* _Information supplied_
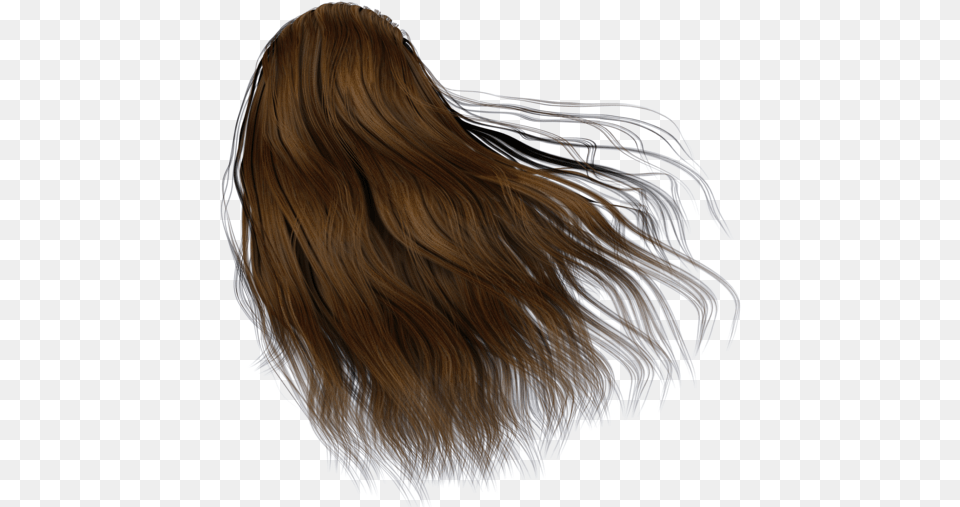 Back Of Hair, Adult, Female, Person, Woman Free Transparent Png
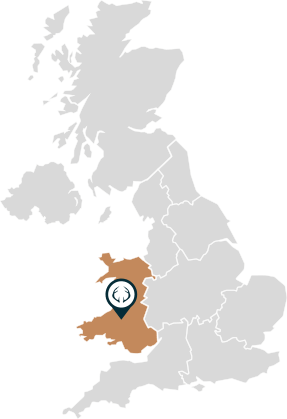 Are You Are Thinking Of Spending Your Holiday In Wales - Uk Map (287x419), Png Download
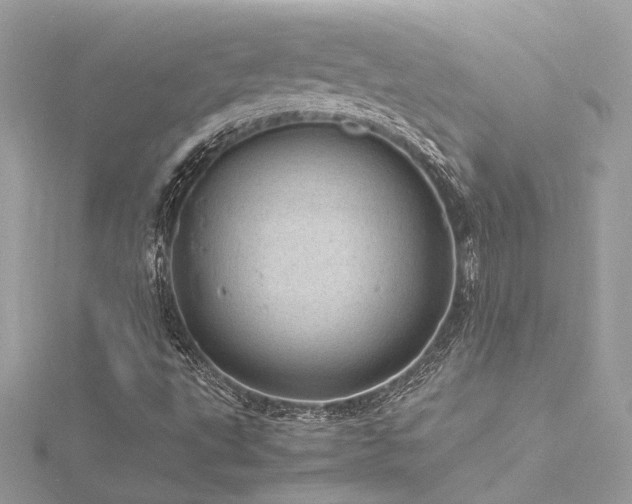 X0000116311495200911301451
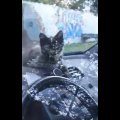 VIDEO | Kassipoeg veetis EuroPargi parklasse pargitud sõidukis kaks päeva, enne kui omanik loomale järele tuli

* _Task goal_
Please write out all the data again word for word, but not the pictures.

* _Task solution_
 Back Of Hair, Adult, Female, Person, Woman Free Transparent Png
 Are You Are Thinking Of Spending Your Holiday In Wales - Uk Map (287x419), Png Download
 X0000116311495200911301451
 VIDEO | Kassipoeg veetis EuroPargi parklasse pargitud sõidukis kaks päeva, enne kui omanik loomale järele tuli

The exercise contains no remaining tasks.